[Opening Data supplied section]
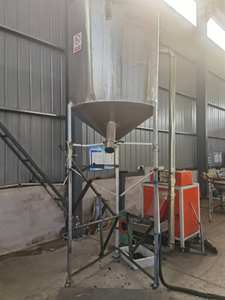 廃プラスチック造粒生産ライン180/150シングルスクリュー上下マザーボードPP/PE/PVCシート再造粒 - Product Image 4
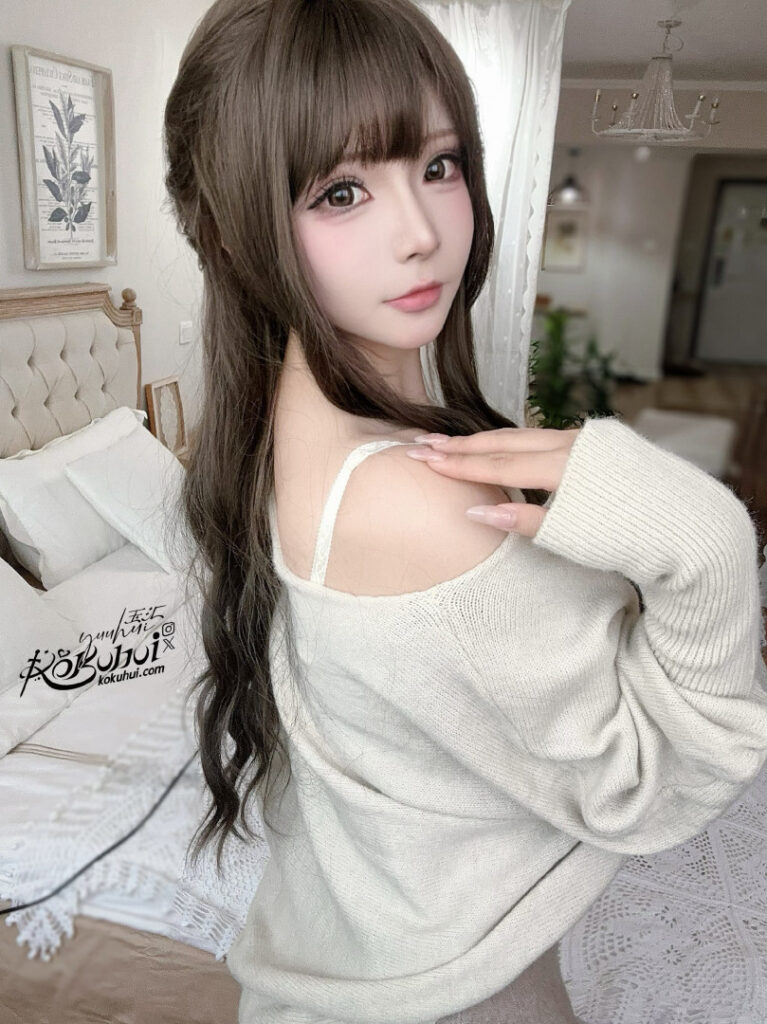 Patreon – Instagram – Gumroad – Cosplay – Kokuhui | Yuuhuia – Nude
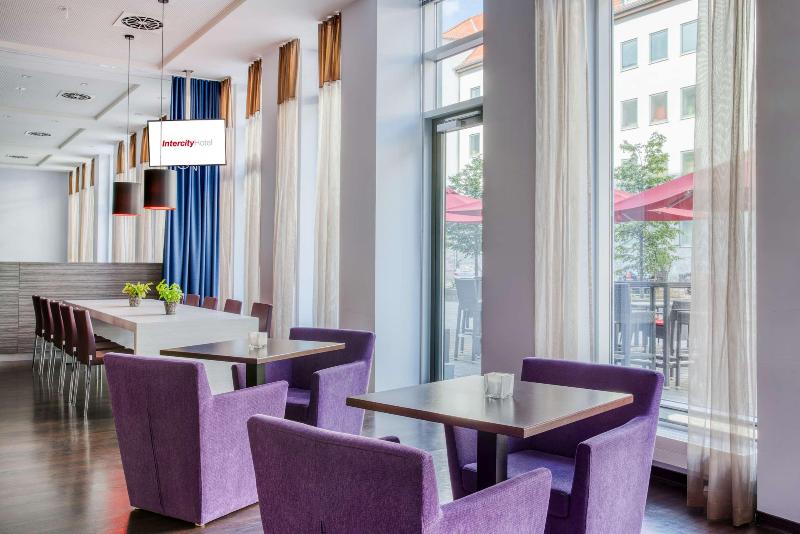 IntercityHotel Hannover - Restoran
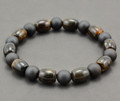 Men's Amber Bracelet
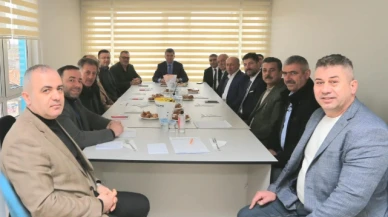 Bakan'dan Gür ve yönetimine ziyaret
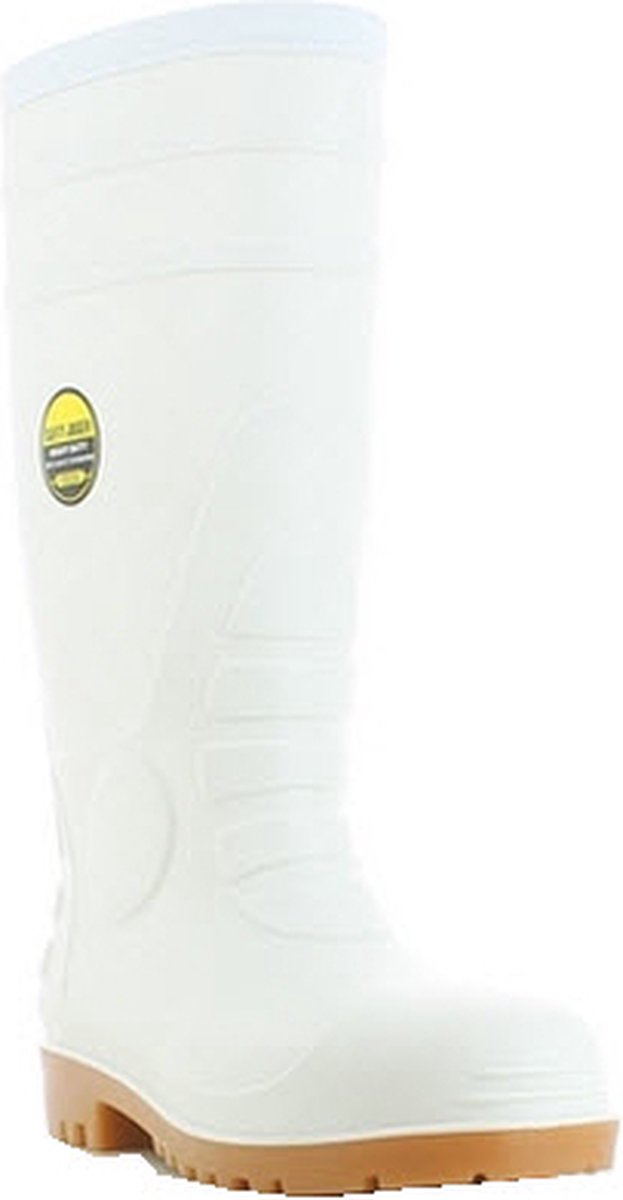 Safety Jogger Poseidon S4 laars SRA Wit 47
[Closing Data supplied section]
▸ How to complete this task
All of the records should be set down exactly, minus the pictures they hold.

▸ Solution to the problem
 廃プラスチック造粒生産ライン180/150シングルスクリュー上下マザーボードPP/PE/PVCシート再造粒 - Product Image 4
 Patreon – Instagram – Gumroad – Cosplay – Kokuhui | Yuuhuia – Nude
 IntercityHotel Hannover - Restoran
 Men's Amber Bracelet
 Bakan'dan Gür ve yönetimine ziyaret
 Safety Jogger Poseidon S4 laars SRA Wit 47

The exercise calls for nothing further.